You can think of the match as a switch statement. It is much more than that, but here we use it as one. Each of our opcodes is handled individually. And we log a lot, so that we can read what is happening, when we run it. Ignore the unwrap() thingies for the time being. They are just there to try and ignore potential runtime errors. Again, not good Rust style, but, you know: later.

The four operations get more complex in what they do. Let's go through them one by one:

  1. NOP – this does nothing, it just wastes bytecode and execution time. I have included it simply to be the most basic operation possible.
  2. POP – this is our first modification of the stack. It simply discards the topmost value, decreasing the stack's size by one.
  3. PUSH_U8 – this is the only operation that reads additional data from the program. It only reads a single byte (increasing the program counter by one), and puts it on top of the stack, increasing the stack's size by one. This is how you can get data from your program into the VM, to work with them. It is how numeric literals in your program are handled.
  4. ADD – the only operation that works on data. It pops its two operands from the stack, adds them, and pushes the sum back on the stack. This is how data is manipulated in a stack machine. The operation reduces the stack's size by one effectively, but there need to be at least 2 values on it for it to be executed.

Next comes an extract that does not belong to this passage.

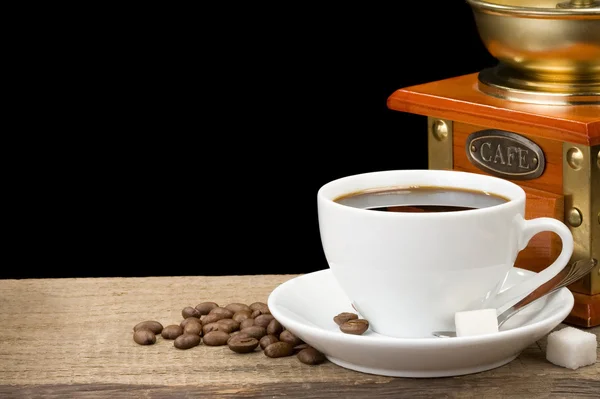 Cup of coffee and beans isolated on black — Stock Photo, Image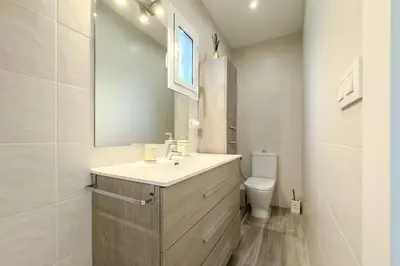 a bathroom with a sink and a toilet and a mirror at Comfort, Style & Value near Barceloneta Beaches in Barcelona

That is the out complete VM so far, and it will execute a program, if you compile and run it (which we will do in the next post).

You can find the complete program here:

https://github.com/kratenko/lovem/blob/v0.0.1-journey/src/main.rs

You can access the repo at this state under (there is also a zip file containing all files):

https://github.com/kratenko/lovem/releases/tag/v0.0.1-journey

How do I work with the code?

The easy way, to get the code and play with it, would be to clone the git repository and check out the tag v0.0.1-journey. If you did not understand any of that, you might want to do a tutorial on git, before you continue reading. Anyways, here is some copy&paste commands, you can hack into your bash prompt, to do, what I just told you to do. Use at your own risk, I'm not responsible for what you do to your system.

you@host:~$ git clone https://github.com/kratenko/lovem.git

you@host:~$ cd lovem

you@host:~/lovem$ git checkout v0.0.1-journey

you@host:~/lovam$ cargo run lovem

This will copy all source code from GitHub and its history to your computer, and it will roll the source code to the state we are looking at in this entry. The last command cargo run lovem will compile and execute the program - that is, if Rust is installed and ready to run (and in the correct version). cargo is Rust's package manager, that handles dependencies and compiles your projects. I will not explain those things further, but now you know what to look for.


  1. Don't let yourself be confused by fancy terms like register. You can think of it as a kind of snobbish variable with a special meaning. In computers sometimes stuff magically happens when you write to a register – but it should always be documented somewhere.